Quadratics have become my new nadir, which is cheerier news than it sounds since it means I’ve kicked linear equations into obedient submission. For the first two and a half years of my teaching career, I felt good about quadratics because if nothing else, most kids remembered how to factor, and remembered that factors had something to do with zeros on the graph. Which was a big step up compared to what they retained of linear equations. But then, last year, I cracked linear equations in a big way, which is great except now I just feel bad about quadratics, because as I develop as a teacher I realize the suckers are absurdly complicated and don’t model very easily. The kids learn a lot, but at their level of ability I’d need to do two months to have them internalize quadratics the way most of them internalize linear equations. And I don’t have two months. I just tell myself they still learn a lot. Consequently, I am relieved to see quadratics in the rear view as I move them onto the third of the models that define second year algebra (at least, as I teach it).

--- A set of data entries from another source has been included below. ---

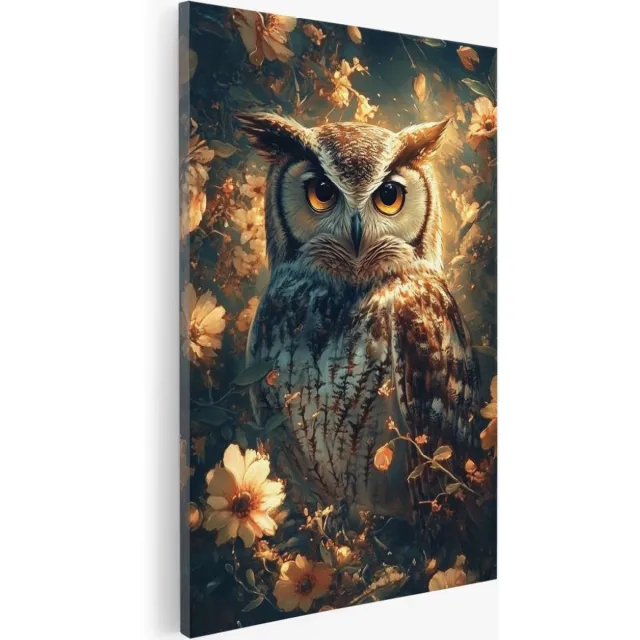 Saammp Canvas Schilderij - Abstract - Uil - Vintage bloemen - Natuur - Dieren - 80x120 - Foto op canvas - Wanddecoratie - Muurdecoratie Woonkamer - Slaapkamer decoratie - Canvas Print Multicolor
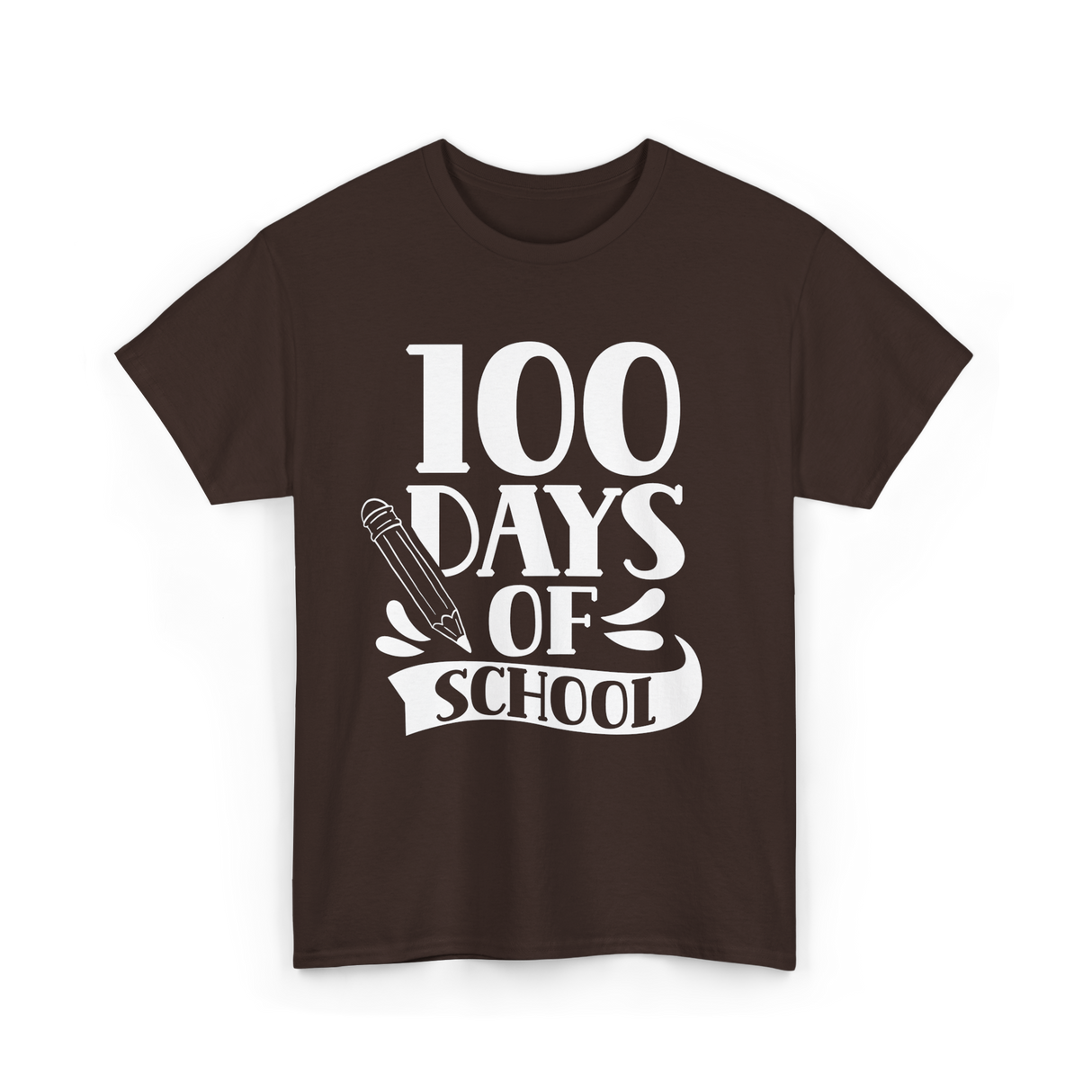 100 Days Of School Kids Education T-Shirt - Dark Chocolate
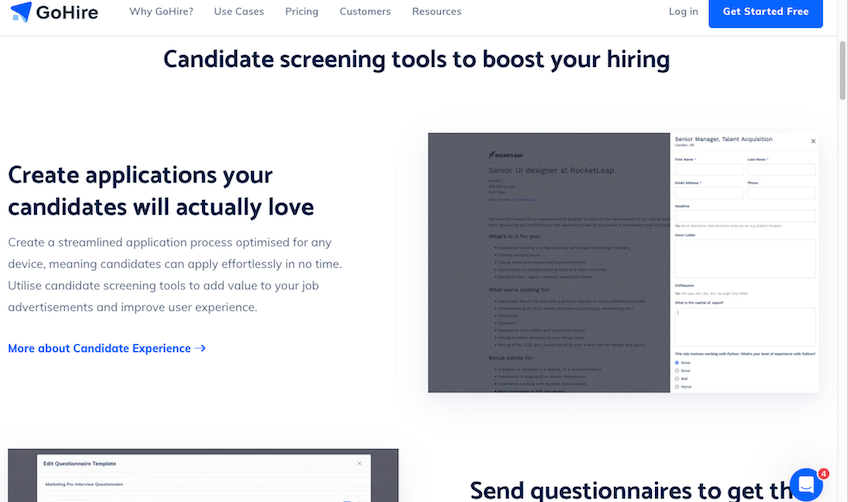 Candidate screening tools landing page. 
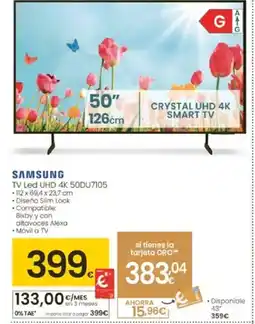 Eroski SAMSUNG TV Led UHD 4K 50DU7105 oferta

Exponential functions are awesome. First, they’re absurdly simple compared to both lines and quadratics. Second, they model actual, honest to god, real life situations. I’m not a big teacher for “Hey, this is something you’ll use again” but automobile depreciation or interest payments are, in fact, something they’ll use again. Third, they provide a memorable and again, useful, reason to review (or learn for the first time) percentage increase and decrease. Finally, they present a situation in which any kid who has even somewhat grasped the course essentials can see hey: Given y, I can’t solve for x. This leads beautifully and meaningfully into logarithms.

So like linear equations, I can kick off the unit with a modeling activity and get the kids moving easily into the math.

I begin with a brief lecture reminding them of the two previous models.

No. Quadratics aren’t repeated multiplication. Exponential functions involve repeated multiplication, as they’ll see in the lesson.

Then I review percentage increase and decrease. I am of two minds about this review. On the plus side, it’s immediately relevant, easy to apply, and gives them a good reason to remember it long term. The downside: the kids never remember what I taught them when they get to the percentage problems. So I explain it up front, knowing that 90% of the kids will forget everything I said just 20 minutes later, when they get to the first percentage exponential increase.

So I explain it, go round the room asking “So, if I want to increase a number by 8%, what do I multiply it by, Jose?” “1 point…..8?” “Watch that leading zero!” “Oh, 1.08.” “Right.” Do that with five or six times, think everyone gets it, and set them to working on models. This is one side of the worksheet, crunched for space so I could “snip” it.

And sure enough, the kids work through the models, making great progress, and stop cold at the third one.

“I can’t do this. How do you increase by a percentage?”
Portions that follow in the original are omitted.